_What is expected_. Verbatim copy, images omitted: return the full listing.

_Raw data_.
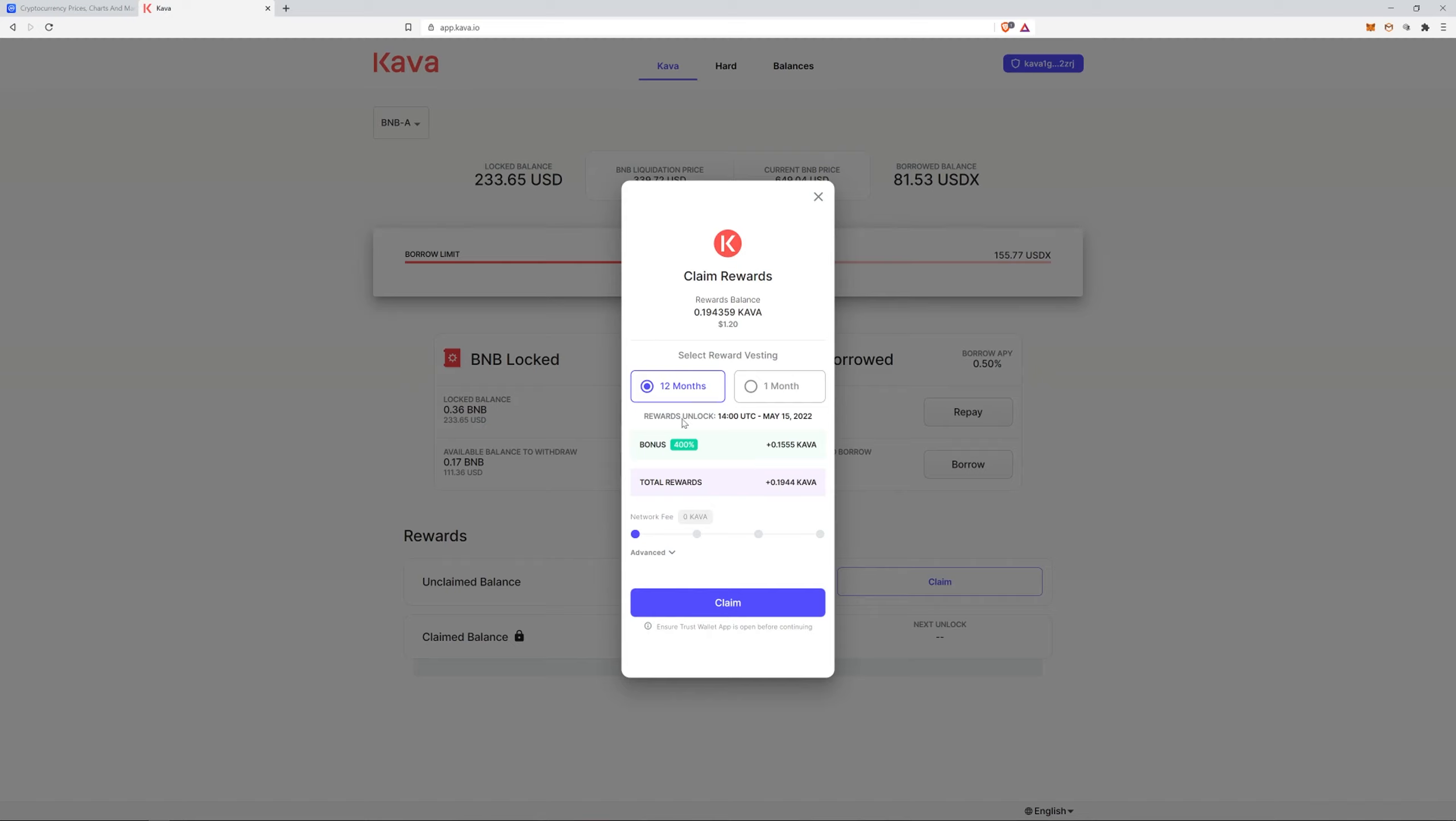They said that's why a lot of people do the 12 month vesting because you can still take them and restake them in your Trust wallet, earning on average another 20 percent on top of your bonus 400 percent. From what I understand you can't pull any of it out until this date. It's stuck, it's not available.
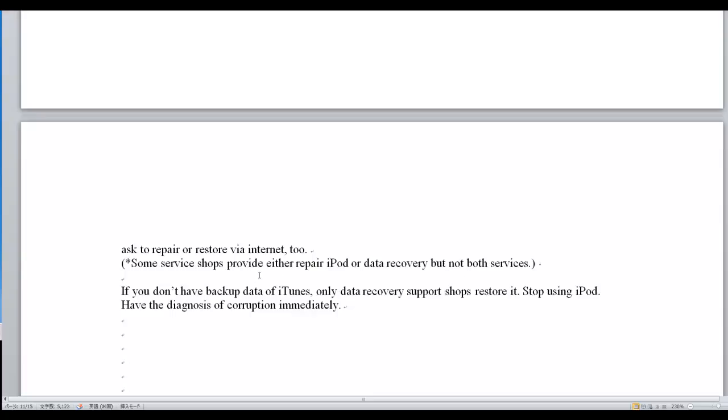If you don't have backup data from iTunes, only data recovery support shops can restore it. Stop using the iPod. Have the diagnosis of corruption immediately.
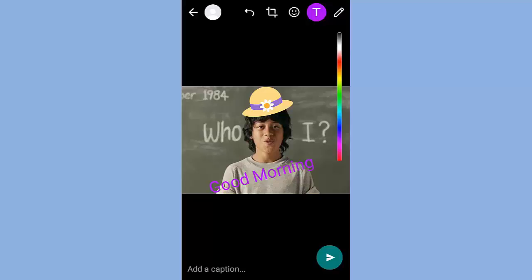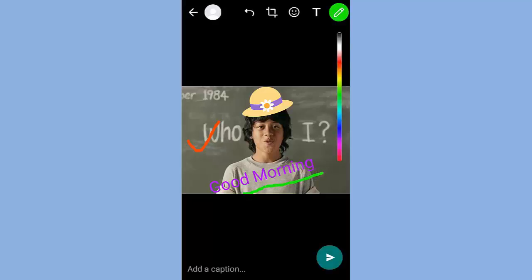The fourth tool is used like a pencil for drawing. Select the color, and press the send button to send the image.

_Written solution_.
They said that's why a lot of people do the 12 month vesting because you can still take them and restake them in your Trust wallet, earning on average another 20 percent on top of your bonus 400 percent. From what I understand you can't pull any of it out until this date. It's stuck, it's not available.
If you don't have backup data from iTunes, only data recovery support shops can restore it. Stop using the iPod. Have the diagnosis of corruption immediately.
The fourth tool is used like a pencil for drawing. Select the color, and press the send button to send the image.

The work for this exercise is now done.